Alain Pojolat, 20 ans, salarié de la BNP à Paris.

En mai 68, je bosse depuis un an dans une grande banque, la BNP à Barbès. C’est une grosse boîte, il y a 6 000 personnes dans le bâtiment, et il y a un PC qui est extrêmement fort, avec 5 ou 6 cellules dans la boîte, et qui contrôle la CGT. Il y a aussi quelques gauchistes, à FO et dans la CGT, et quelques libertaires, et donc des idées politiques qui circulent.

Mais moi ce qui m’intéressait le plus, au début du mois de mai, c’est ce que j’entendais à la radio : on savait que ça chauffait au Quartier latin, des facs en ébullition, des manifestations spontanées, des étudiants qui s’organisent, et on était attirés par ce qui s’y passait. Ça voulait dire que pour une fois il y avait quelque chose d’un peu sérieux qui se développait. 

Il faut comprendre que le Quartier latin était, pour les gens qui habitaient Paris, un lieu particulier, très culturel. Il y avait des ciné-clubs, des salles d’art et d’essai, etc. Il y avait une espèce de liberté culturelle qui n’existait pas dans les autres quartiers de Paris. On est donc déjà attirés par le Quartier latin, et là encore un peu plus avec tout se qui s’y passe. Et là, début mai, je m’y suis rendu avec des potes.  

Donc le soir il y a des affrontements avec la police et, dans la journée, il y a de très grosses manifestations, le bras de fer avec le rectorat, avec les étudiants qui exigent le départ des forces de police comme préalable à toute négociation, etc.

Et puis il va y avoir la fameuse nuit des barricades, où je vais me retrouver : bagarre gigantesque avec les flics, des arbres sont coupés sur le boulevard Saint-Michel, un cinéma est dévasté pour faire des barricades avec les rangées de sièges… Une violence collective que je n’aurais jamais imaginée.    

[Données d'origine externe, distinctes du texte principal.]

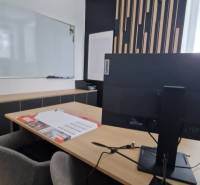 Office with a whiteboard, desk, computer, and decorative wall, equipped with comfortable chairs.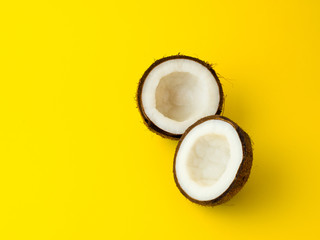Coconut on yellow colored background, flat lay, top view
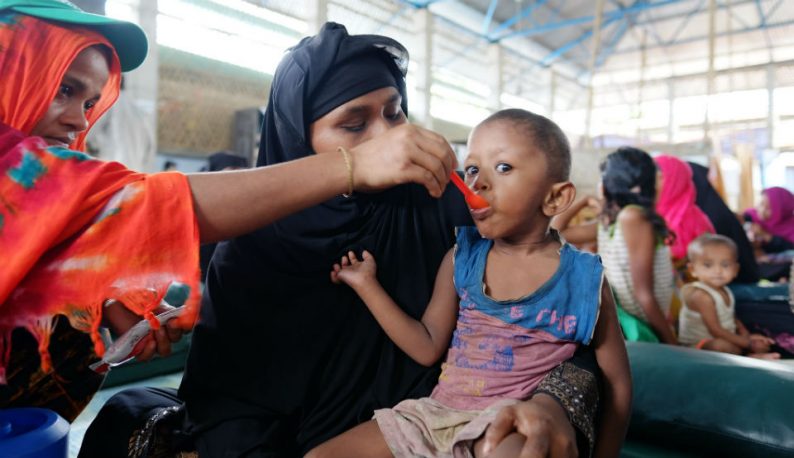 Criança com sinais de desnutrição sendo alimentada em uma área de refugiados localizada em Bangladesh (Foto: Mallika Panorat/União Europeia)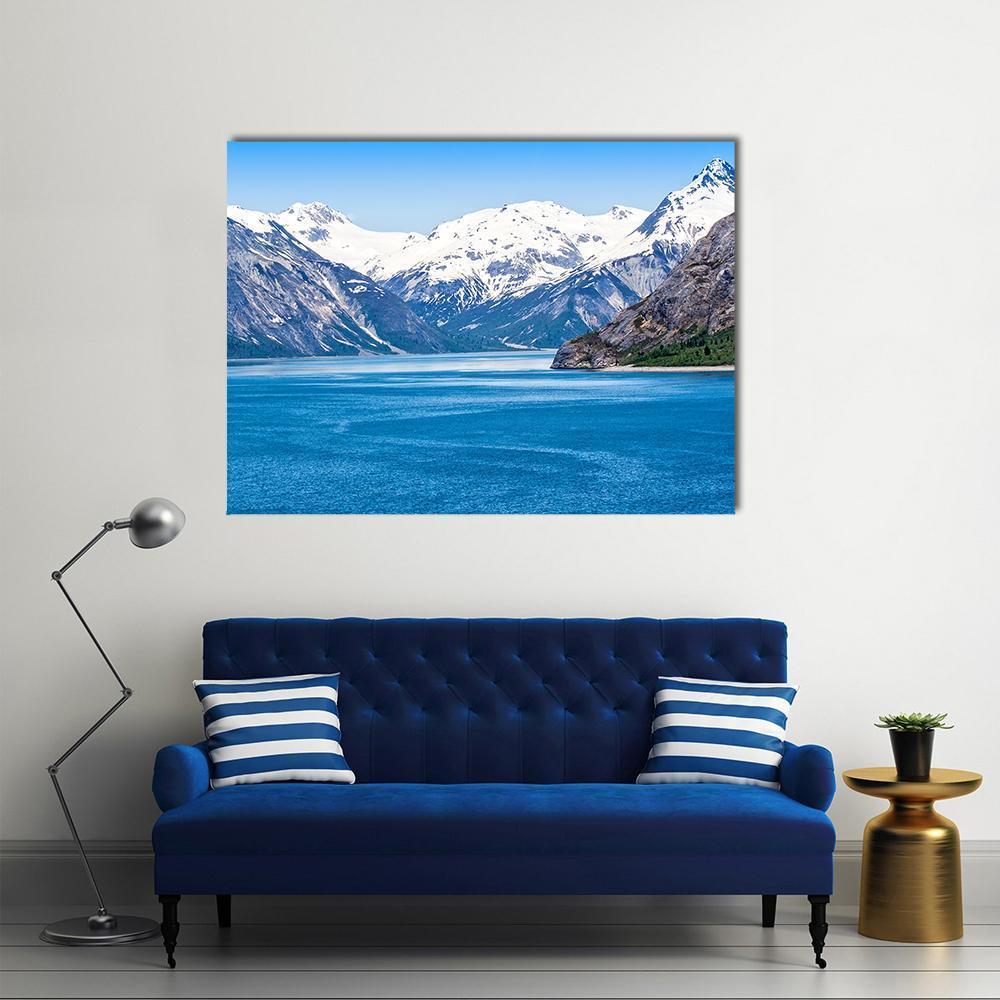 Snow-capped Mountains Over Calm Blue Water Canvas Wall Art in white, gray and blue, single panel hung on a wall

Les barricades et les manifestations ne se sont pas concentrées exclusivement dans le Quartier latin. Je fréquentais beaucoup le 18e arrondissement, car c’était là où je bossais, et il y a eu plusieurs soirées, plusieurs nuits, avec des manifestations spontanées, et des barricades. Dans ces manifestations, il y avait surtout des jeunes, pas des étudiants, des jeunes qui venaient de banlieue, des jeunes ouvriers, qui venaient pour en découdre avec les flics et qui construisaient des barricades. Les mots d’ordre étaient essentiellement contre les flics et contre De Gaulle.

Tous ces événements c’était fantastique. Pour moi c’était inimaginable qu’on puisse foutre sur la gueule aux flics de façon collective, sans avoir peur. Il y avait une telle complicité entre les gens, ça paraissait merveilleux. Moi j’avais l’impression de découvrir le monde. Et à tout ça s’ajoutaient toutes les frustrations, à tous les points de vue, que le gaullisme nous avait imposées dans les années précédentes, et là on se disait : on peut faire sauter tout ça. J’ai compris à ce moment-là que quand on veut, quand on est nombreux, quand on est déterminés, on peut tout faire.